Oink Oink :: Pork belly is apparently, not readily found in your local grocery store. From all the episodes of Top Chef I've watched, I was positive that I could get pork belly from Whole Foods. (What good product placement!) But no - this is a lie. To get the right cut, you'll have to go to an Asian or Mexican grocery store. Be sure to get a piece that has more meat than fat. Wash the meat, pat dry and dice into medium sized cubes. Toss the meat in 1 tb of course salt.

** You can use a mixture of pork belly and pork shoulder or butt, but to be honest, those cuts just aren't as tasty...but they're healthier. Your call.

Let the Braising Begin! :: Add the cubed meat into the same pot as the caramel sauce on medium high. Add the fish sauce and sear the meat in the caramel/fish sauce. There will be a lot of meat in the pan so let the pieces at the bottom brown, then mix well to get new pieces to the bottom. As you can see, I got a late start on boiling my eggs, so we did some multitasking.

Coco Rico to the Rescue :: The secret ingredient to this dish, or at least my mom's version, is the use of Coco Rico. Coco Rico is a coconut flavored soda you can get at Asian markets. The coconut flavor cuts the saltiness of the fish sauce and the carbonation helps tenderize the meat. Coco Rico can be hard to find, so you can achieve similar results with 7-Up. Once all the meat has been browned, add two cans of soda to the pot. Add enough water to the pot so that all the meat is covered by liquid. Add the crushed garlic cloves and peppercorns.

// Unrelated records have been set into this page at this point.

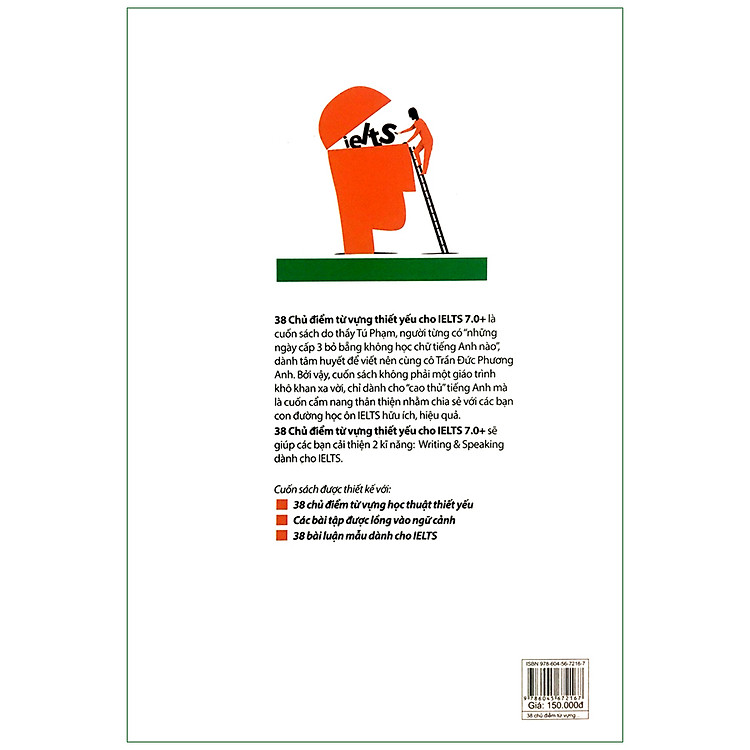 38 Chủ Điểm Từ Vựng Thiết Yếu IELTS 7.0 (Tái Bản 2020) - Ảnh 2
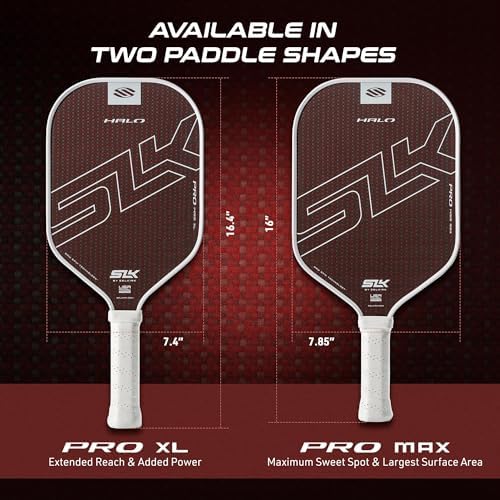 Selkirk Sport SLK Halo Raw Carbon Fiber Pickleball Paddle | Designed in The USA | Choose from The T700 Raw Carbon Fiber Power, The 18k Ultraweave Control, or The Kevlar Linkweave Thermoformed Pro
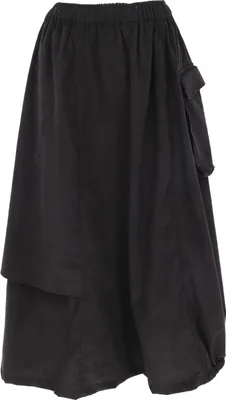 Produktbild von Maxirock, Cordrock, Ballonrock mit Tasche - Schwarz, Damen, Baumwolle, Größe: M
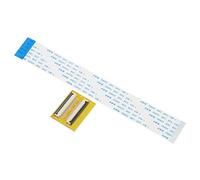 sourcing map FFC FPC 40 Pin 0.5mm Pitch PCB Extension Connector Board with 5 Pack 0.5mm Pitch 150mm Flexible Flat Cables Kit (B Type)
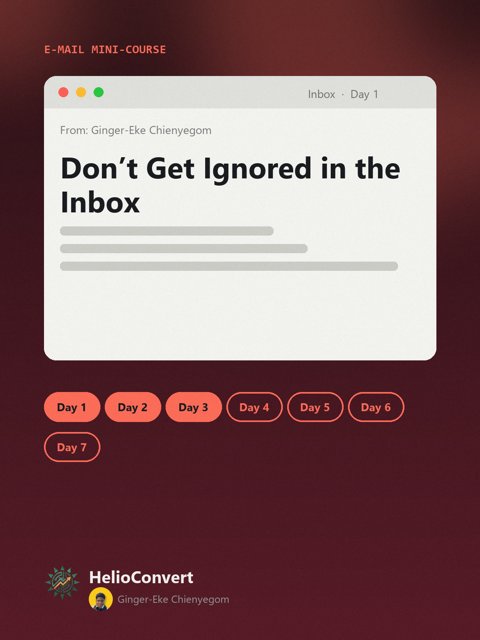Don’t Get Ignored in the Inbox
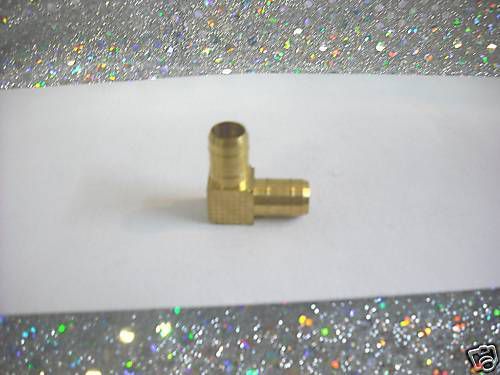 Brass, BARBED, TUBE Elbow, Double Barbed, For 3/8&#034; I.D. Tube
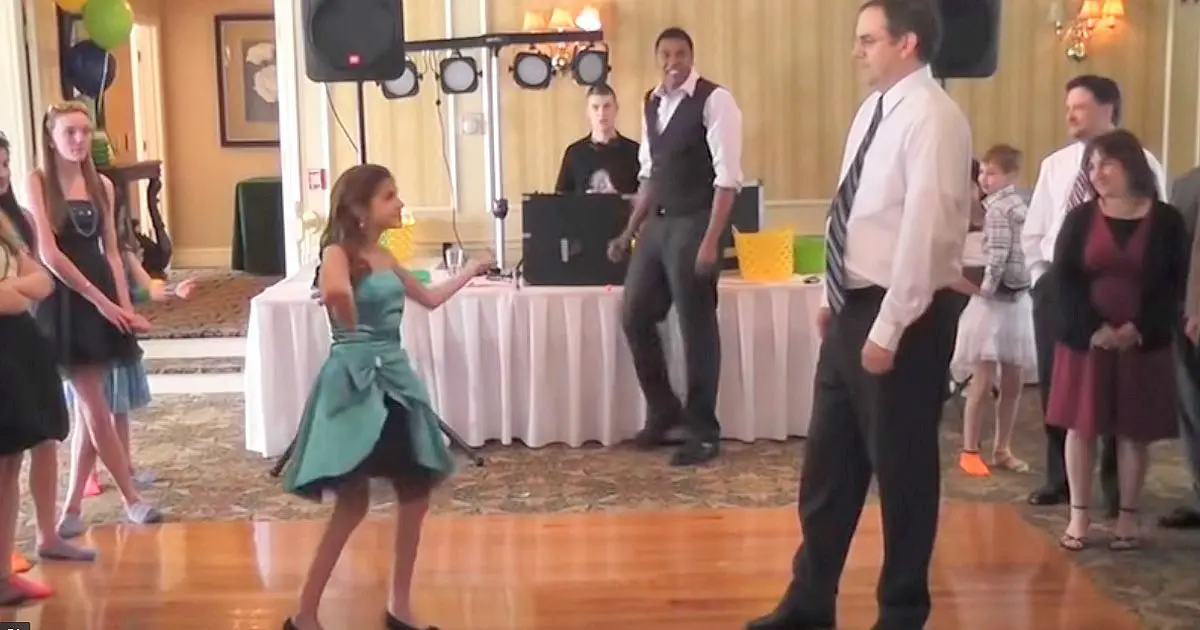 Girl Calls Her Awkward Dad To The Dance Floor And Then He Steals The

Simmer Down Now :: Peel your eggs and add them to the pot. All that is left to do is let the pot simmer for at least 2 hours. The longer it sits, the more flavorful the meat, sauce and eggs. When you're ready to eat, enjoy the dish over some white rice and cucumbers. In our house, we eat it with pickled veggies but my mom says that kimchi would be good too.

I should mention that before you eat it, you will want to spoon off a lot of the fat that rises to the surface during the cooking process. It's kind of gross, but necessary.

Friday, July 24, 2009

Cooking Mama :: Cha Gio (Vietnamese Egg Roll)

While I am home for 2 weeks in the Bay Area, my mom is giving me daily cooking lessons. It's sad that after 25 years, I still don't know how to cook any authentic Vietnamese dishes, but that is all about to change! We started off my boot camp with a favorite of mine - Cha Gio with Bun or Vietnamese Egg Rolls with Cold Rice Noodles. From an eater's standpoint, this is a great dish for warm weather but maybe no so much for the cooker - standing in front of boiling oiling for 30 minutes can get dicey. This lesson took a total of 2.5 hours, but we did it the super long way - grinding our own meat, slicing all the veggies. If you have a food processor, this would take half the time. You can also make the rolls in advance and freeze them so they are ready to fry up for a later day.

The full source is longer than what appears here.